⟨
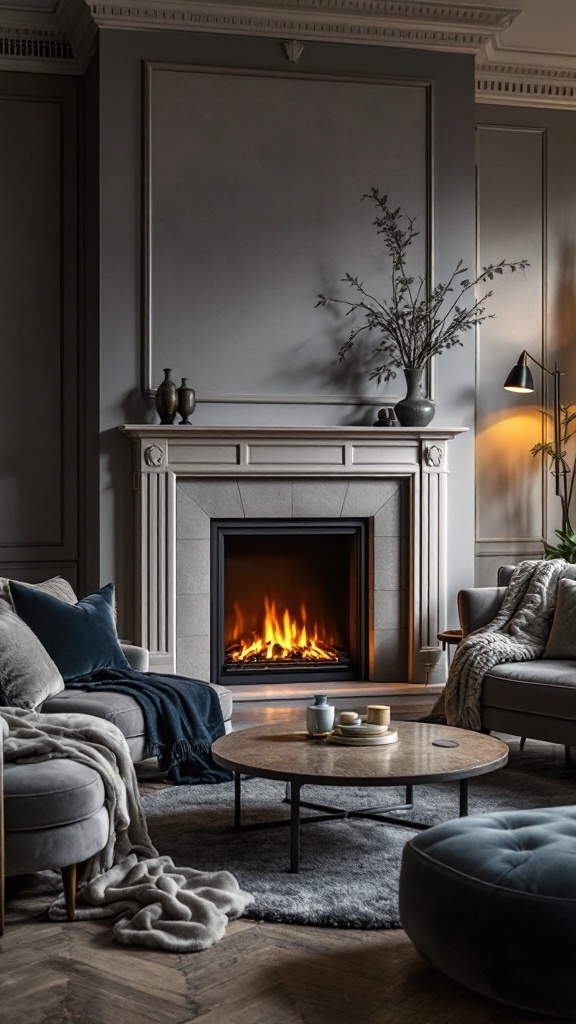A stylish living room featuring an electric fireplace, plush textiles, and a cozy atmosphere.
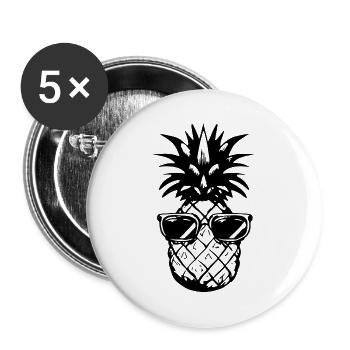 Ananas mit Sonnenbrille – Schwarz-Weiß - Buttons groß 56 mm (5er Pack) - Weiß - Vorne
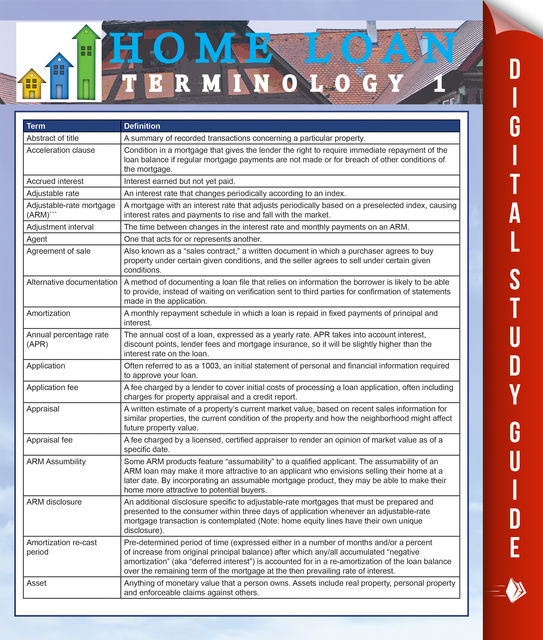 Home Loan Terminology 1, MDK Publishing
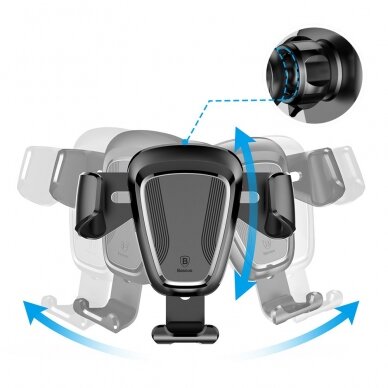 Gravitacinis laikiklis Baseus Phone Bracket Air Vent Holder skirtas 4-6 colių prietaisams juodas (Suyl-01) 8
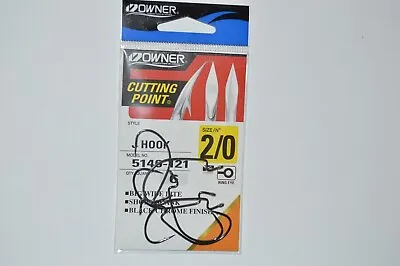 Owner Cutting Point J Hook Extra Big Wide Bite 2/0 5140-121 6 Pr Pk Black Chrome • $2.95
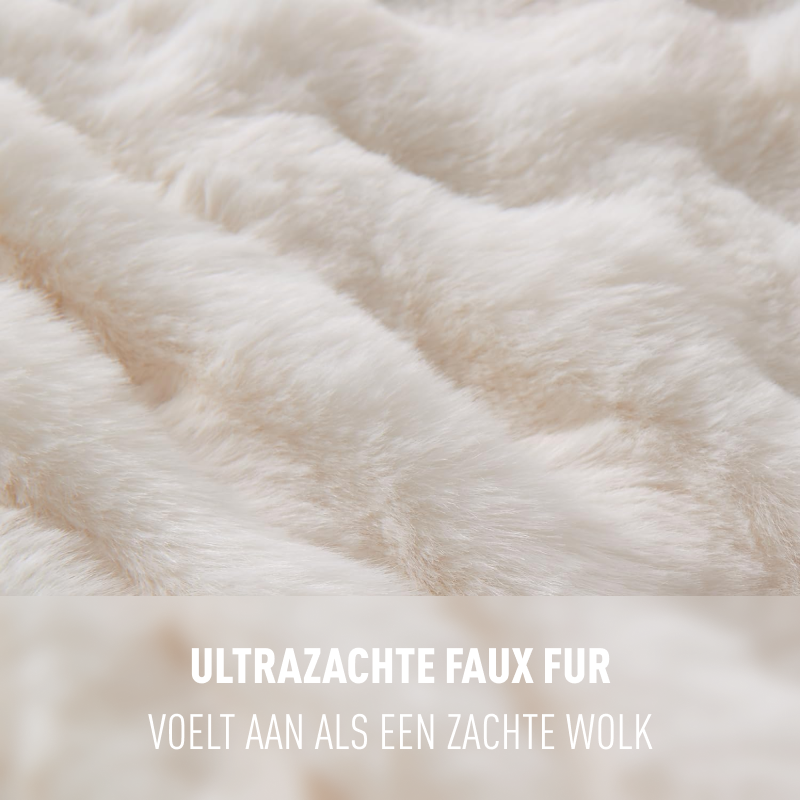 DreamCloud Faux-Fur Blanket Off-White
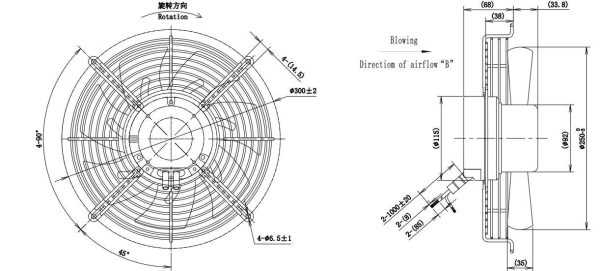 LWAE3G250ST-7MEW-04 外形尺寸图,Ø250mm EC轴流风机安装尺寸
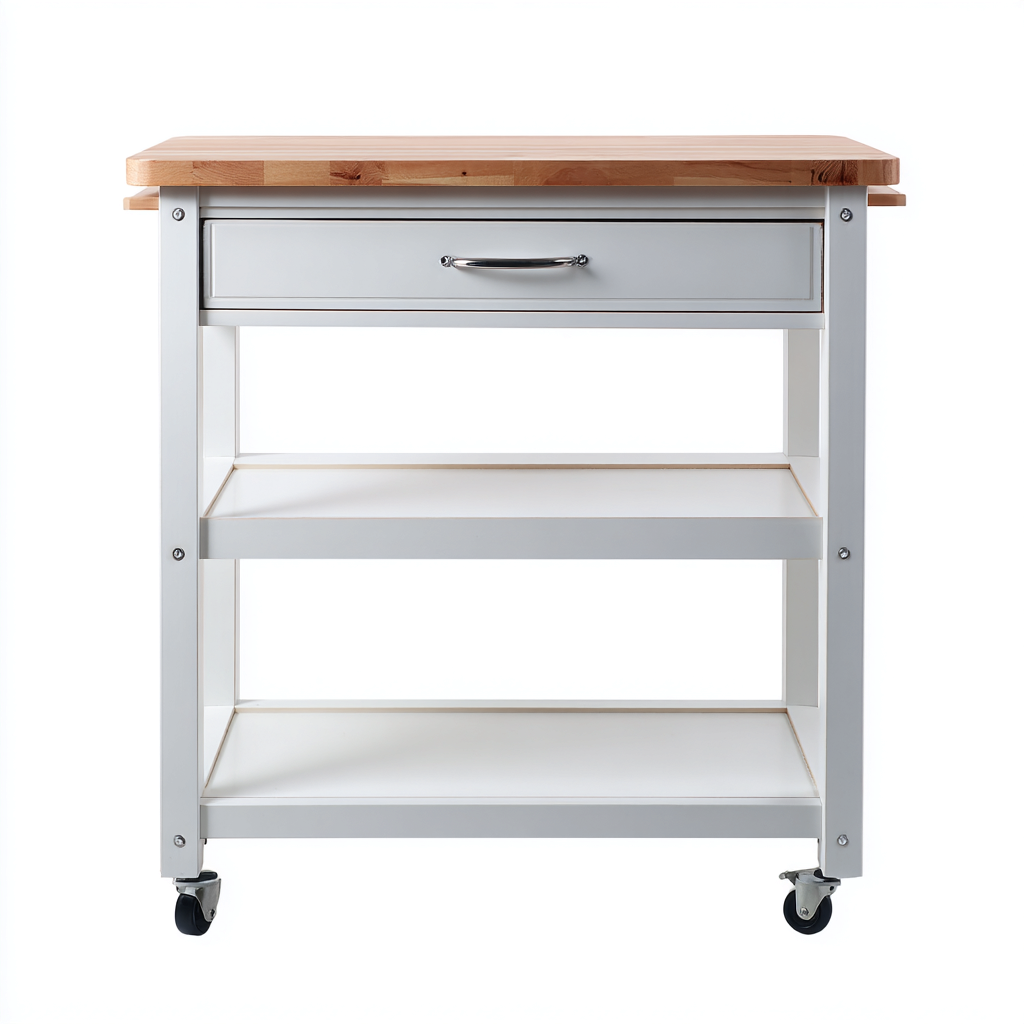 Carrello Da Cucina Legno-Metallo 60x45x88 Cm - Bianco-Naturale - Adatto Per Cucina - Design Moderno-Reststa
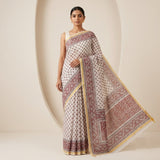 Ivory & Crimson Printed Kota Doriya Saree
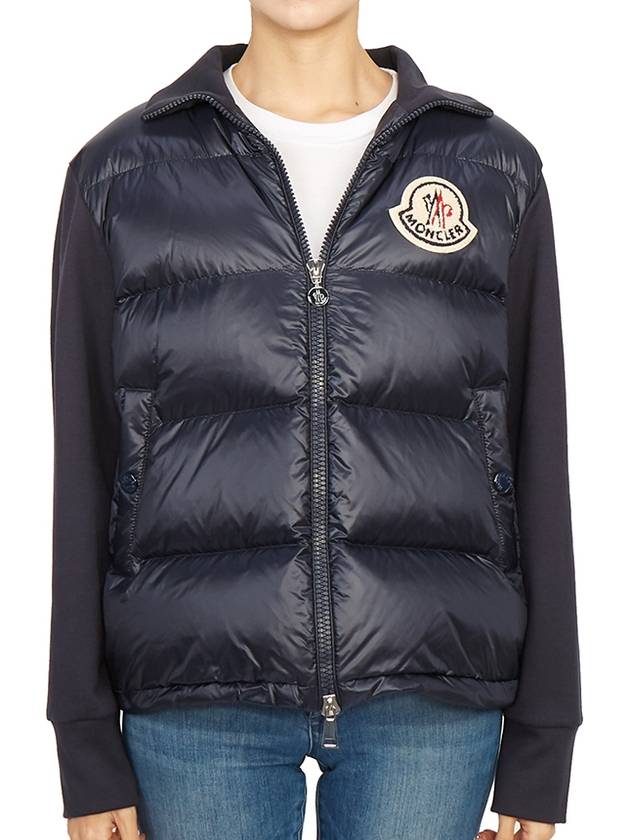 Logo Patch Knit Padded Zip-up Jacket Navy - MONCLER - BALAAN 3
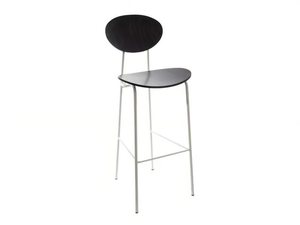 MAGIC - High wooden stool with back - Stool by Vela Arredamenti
⟩
> [Task goal]
Reproduce, with no pictures, the lines from the one containing "DreamCloud Faux-Fur Blanket Off-White" to the end of the records above, exactly and inclusively.

> [Result below]
 DreamCloud Faux-Fur Blanket Off-White
 LWAE3G250ST-7MEW-04 外形尺寸图,Ø250mm EC轴流风机安装尺寸
 Carrello Da Cucina Legno-Metallo 60x45x88 Cm - Bianco-Naturale - Adatto Per Cucina - Design Moderno-Reststa
 Ivory & Crimson Printed Kota Doriya Saree
 Logo Patch Knit Padded Zip-up Jacket Navy - MONCLER - BALAAN 3
 MAGIC - High wooden stool with back - Stool by Vela Arredamenti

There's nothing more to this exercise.